New York State, which had some of the strongest COVID restrictions, is gradually reopening as Governor Andrew Cuomo continues to loosen emergency orders that kept many private businesses closed or curtailed from serving more customers. However, while the coronavirus may be dissipating, the measures to stop its spread, including masks, PPE, quarantines, and more, may be a persistent reality in the Empire State.
Earlier this month, the governor signed into law a bill called the New York Health and Essential Rights Act (“HERO”) that mandates every employer in the state, without exception, develop an “Airborne Infectious Disease Exposure Prevention Plan,” ostensibly for the purpose of protecting their employees from—you guessed it—airborne infectious disease.

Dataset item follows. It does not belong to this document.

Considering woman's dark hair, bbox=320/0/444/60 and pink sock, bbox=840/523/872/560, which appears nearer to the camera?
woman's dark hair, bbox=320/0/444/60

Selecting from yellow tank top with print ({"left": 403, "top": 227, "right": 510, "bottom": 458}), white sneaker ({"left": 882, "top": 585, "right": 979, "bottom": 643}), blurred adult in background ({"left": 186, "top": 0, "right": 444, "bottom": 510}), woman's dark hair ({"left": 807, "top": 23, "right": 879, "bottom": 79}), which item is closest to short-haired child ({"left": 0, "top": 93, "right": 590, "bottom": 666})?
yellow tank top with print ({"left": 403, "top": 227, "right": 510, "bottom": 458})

This “plan” required of every business must comport to forthcoming state regulations for preventing diseases from the air. This means the state is putting more on private sector employers to mitigate the common cold or flu in the workplace and combat the next virulent virus.

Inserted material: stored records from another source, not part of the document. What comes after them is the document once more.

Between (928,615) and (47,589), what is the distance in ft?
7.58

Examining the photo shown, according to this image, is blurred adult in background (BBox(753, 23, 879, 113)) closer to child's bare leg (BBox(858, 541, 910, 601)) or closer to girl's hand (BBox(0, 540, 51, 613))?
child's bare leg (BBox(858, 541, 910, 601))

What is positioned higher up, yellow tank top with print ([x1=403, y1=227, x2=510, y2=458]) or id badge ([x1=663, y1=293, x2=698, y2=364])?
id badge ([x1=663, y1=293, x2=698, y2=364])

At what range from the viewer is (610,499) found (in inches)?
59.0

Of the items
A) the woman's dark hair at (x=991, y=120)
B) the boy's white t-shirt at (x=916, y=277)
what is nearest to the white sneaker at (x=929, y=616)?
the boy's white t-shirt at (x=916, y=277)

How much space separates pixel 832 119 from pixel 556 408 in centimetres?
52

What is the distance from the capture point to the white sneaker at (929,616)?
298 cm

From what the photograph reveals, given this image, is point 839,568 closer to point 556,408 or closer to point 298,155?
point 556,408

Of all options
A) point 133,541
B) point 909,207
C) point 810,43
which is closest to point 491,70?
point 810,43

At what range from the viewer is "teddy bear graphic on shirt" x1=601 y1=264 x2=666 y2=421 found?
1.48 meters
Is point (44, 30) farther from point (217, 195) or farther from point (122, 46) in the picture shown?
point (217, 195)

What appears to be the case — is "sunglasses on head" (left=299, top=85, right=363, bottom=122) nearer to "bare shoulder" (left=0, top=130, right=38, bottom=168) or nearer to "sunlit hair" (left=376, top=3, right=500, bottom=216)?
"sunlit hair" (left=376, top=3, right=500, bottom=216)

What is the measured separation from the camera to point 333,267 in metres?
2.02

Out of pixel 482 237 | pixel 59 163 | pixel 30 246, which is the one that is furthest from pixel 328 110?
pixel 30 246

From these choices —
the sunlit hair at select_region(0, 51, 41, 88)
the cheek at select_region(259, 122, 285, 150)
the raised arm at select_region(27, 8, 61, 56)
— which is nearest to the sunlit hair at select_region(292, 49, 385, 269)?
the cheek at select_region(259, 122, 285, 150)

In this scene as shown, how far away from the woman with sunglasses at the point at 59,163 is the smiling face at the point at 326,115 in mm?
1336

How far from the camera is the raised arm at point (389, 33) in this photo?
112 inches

Viruses are unlikely to cooperate, despite the best of intentions.
This new law directs the state bureaucracy to create a “model” airborne infectious disease prevention standard, “differentiated by industry.” These various industry models will dictate to businesses whether masks need to be worn, what personal protective equipment must be used, the degree of social distancing, frequency of employee health screenings, adequacy of indoor air flow and exhaust systems, directives to isolate and quarantine employees, requirements for cleaning common spaces, and “accessible workplace hand hygiene stations” combined with a mandate that “employers provide adequate break times for workers to use hand washing facilities as needed.”
It is as though coronavirus forever lurks.

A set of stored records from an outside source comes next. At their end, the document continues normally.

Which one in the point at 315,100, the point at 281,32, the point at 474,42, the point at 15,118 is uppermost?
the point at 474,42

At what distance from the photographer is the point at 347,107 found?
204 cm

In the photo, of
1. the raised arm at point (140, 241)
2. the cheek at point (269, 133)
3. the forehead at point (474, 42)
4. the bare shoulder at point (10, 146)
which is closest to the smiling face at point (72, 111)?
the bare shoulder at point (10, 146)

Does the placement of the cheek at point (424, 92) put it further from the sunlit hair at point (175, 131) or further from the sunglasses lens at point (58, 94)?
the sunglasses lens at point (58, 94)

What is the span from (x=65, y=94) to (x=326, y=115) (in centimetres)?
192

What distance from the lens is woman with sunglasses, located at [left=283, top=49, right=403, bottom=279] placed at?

There’s more. Every business with at least ten employees must allow workers to form a “workplace safety committee” comprised mostly of non-supervisory employees to monitor and assess their employer’s compliance with this new mandate to control the air.
If an employee believes the workplace air remains a problem, he or she doesn’t have to show up to work, yet can’t be fired under the “anti-retaliation” provision of the new law. The state can fine employers for violating the new air mandates and employers can be sued for the same.
This attempt by New York State to tighten workplace air standards and retain COVID mitigation requirements comes after the worst of the coronavirus has passed and vaccinations are widespread. Indeed, the new law will surely become a bonanza for trial lawyers and human resource directors. Regarding every other business – not so much.
The state’s business groups, including the Business Council, Federation of Independent Business, the state Restaurant Association and others strongly objected to this new law. The Business Council, which represents 2,300 employers in the state, argued that the state’s own data showed that private businesses accounted for only 5 percent of the COVID transmissions. Also, the added administrative burdens were unnecessary since the federal Occupational Safety and Health Administration (OSHA) workplace standards were sufficient.
For example, OSHA’s respiratory protection standard (here) already provides protection for workers when exposed to contact, droplet and airborne transmissible infectious agents. OSHA laws also protect “whistleblowers” that file complaints against employers for unsafe conditions, including workplace air quality.
Most of New York’s political class basically ignored employer concerns about a new layer of regulation based on the belief that workers needed more protection from airborne viruses. “It’s our turn to take care of them,” one legislator said.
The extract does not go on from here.